Dwindling Refis Eclipsed Rising HELOC, Purchase Lending In Q2 2022

Refinance lending fell 36% from Q1 to Q2 2022, eclipsing increases in other lending areas, according to ATTOM’s second-quarter 2022 U.S. Residential Property Mortgage Origination Report.

The report found that 2.39 million mortgages secured by residential property were originated in Q2 2022, down 13% from Q1 and 40% YOY.

This is the fifth consecutive quarter of falling originations and the biggest annual drop since 2014.

Though purchase originations and home-equity lending actually increased 8% and 35%, respectively, they were heavily outweighed by the double-digit refi drop.

The total number of mortgages issued was down 13.2% from Q1 and 40% YOY, dropping at their fastest pace in eight years.

Lenders issued $807.8 billion worth of mortgages overall in Q2, down 11% QoQ and 35% YOY. This is the largest decrease in dollar volume in the last eight years. 

Refi’s dollar volume fared even worse, down 35% QoQ and 56% YOY.

“Mortgage rates that have virtually doubled over the past year have decimated the refinance market and are starting to take a toll on purchase lending as well,” said Rick Sharga, executive vice president of market intelligence at ATTOM. 

“The combination of much higher mortgage rates and rising home prices has made the notion of homebuying simply unaffordable for many prospective buyers, which threatens to drive loan volume down even further as we exit the spring and summer months.”

HELOCs exploded in Q2, however, comprising 14.3% of all Q2 loans, more than double the 6% level from a year earlier.

Soaring home price appreciation has deepened the affordability crisis for buyers, but current homeowners have seen their equity reach record highs.

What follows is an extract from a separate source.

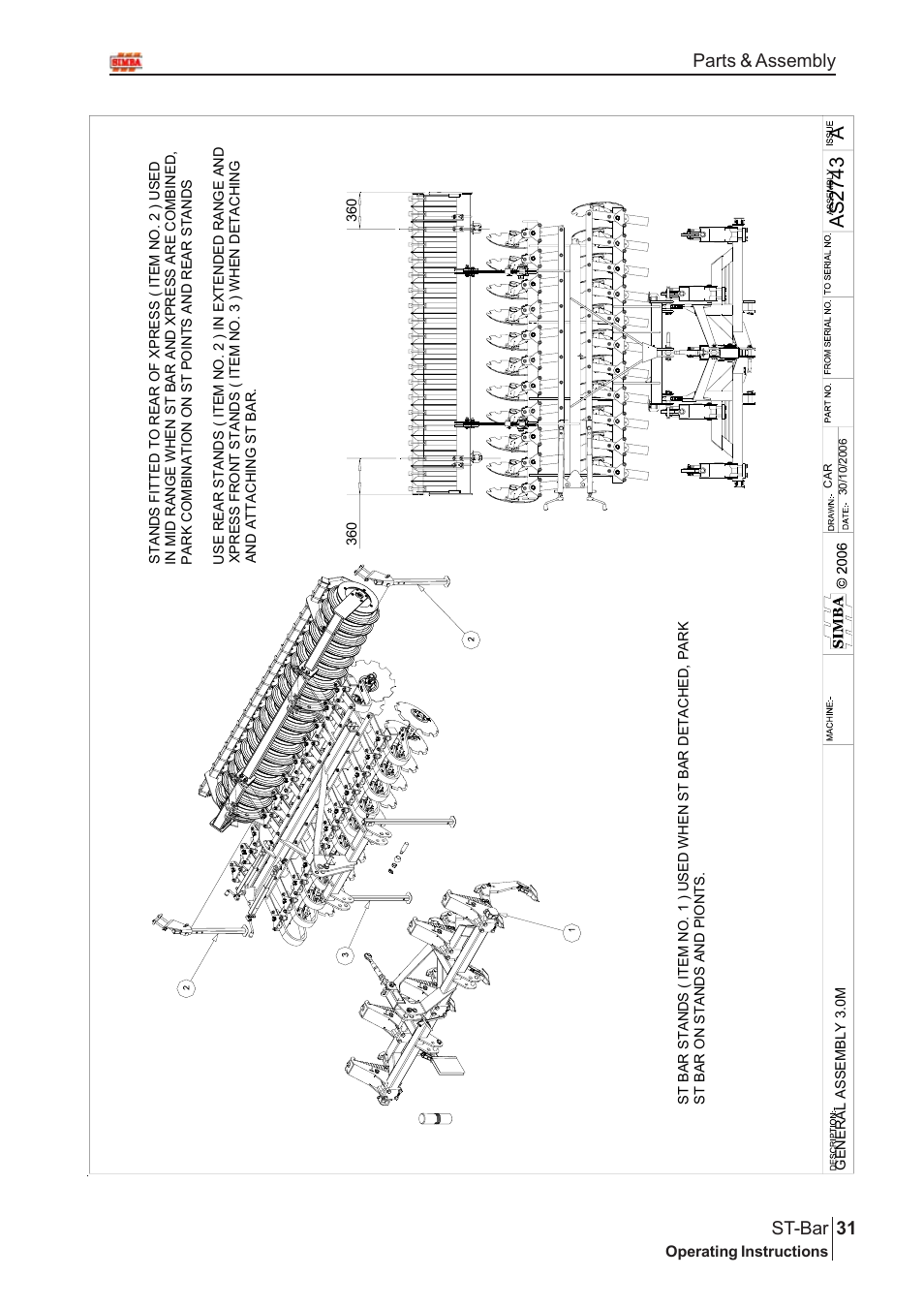 As 27 43, 31 st-bar, Parts & assembly | Great Plains P15126 Serial No 12724 User Manual | Page 31 / 34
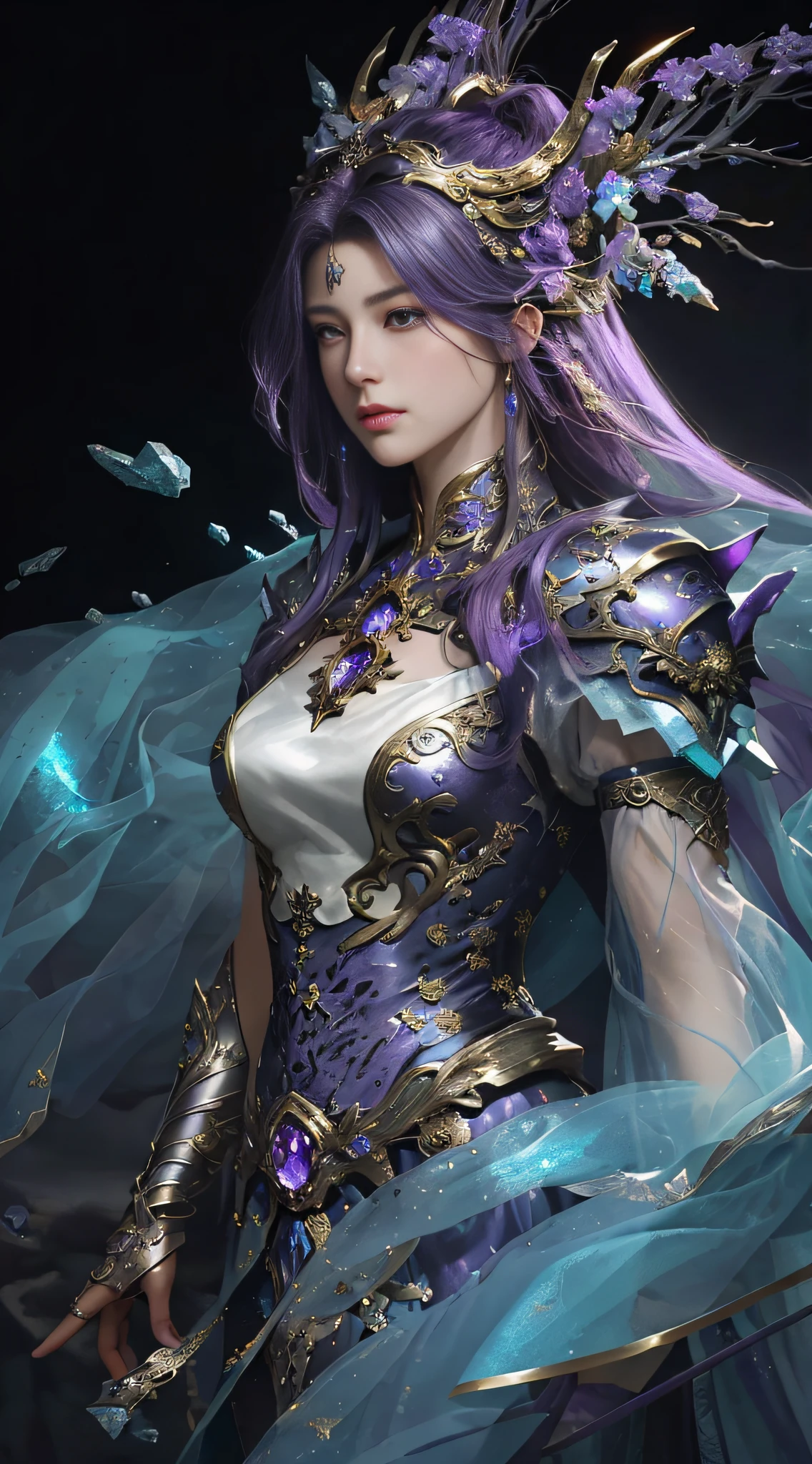 Close-up of a woman with dark purple hair in a gold and dark purple dress with crystals, chengwei pan on artstation, by Yang J, detailed fantasy art, stunning character art, best artstation fanart, epic and exquisite character art, beautiful armor, extremely detailed art, detailed digital anime art, artgerm on artstation pixiv, girl in armor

Nearly half of mortgaged homes in the U.S. were equity-rich in Q2.

Lenders are leaning into this area, with United Wholesale Mortgage recently introducing two different HELOC offerings.

Homeowners have been shown to tap their equity to build even more wealth by sending their children to college, starting businesses, or investing further in housing. While using equity isn’t risk-free, it can have significant real-world impact on individual and family wealth.